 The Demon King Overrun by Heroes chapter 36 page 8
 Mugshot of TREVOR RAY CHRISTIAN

--

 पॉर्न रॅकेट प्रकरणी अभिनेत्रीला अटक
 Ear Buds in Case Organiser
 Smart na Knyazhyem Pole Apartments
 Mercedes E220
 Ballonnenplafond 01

*REQUIRED ACTION:* Using the records above, write out exactly the lines between the one holding "The Demon King" and the one holding "Mugshot of TREVOR RAY CHRISTIAN", inclusive; leave everything else out.

*FINISHED EXERCISE:*
 The Demon King Overrun by Heroes chapter 36 page 8
 Mugshot of TREVOR RAY CHRISTIAN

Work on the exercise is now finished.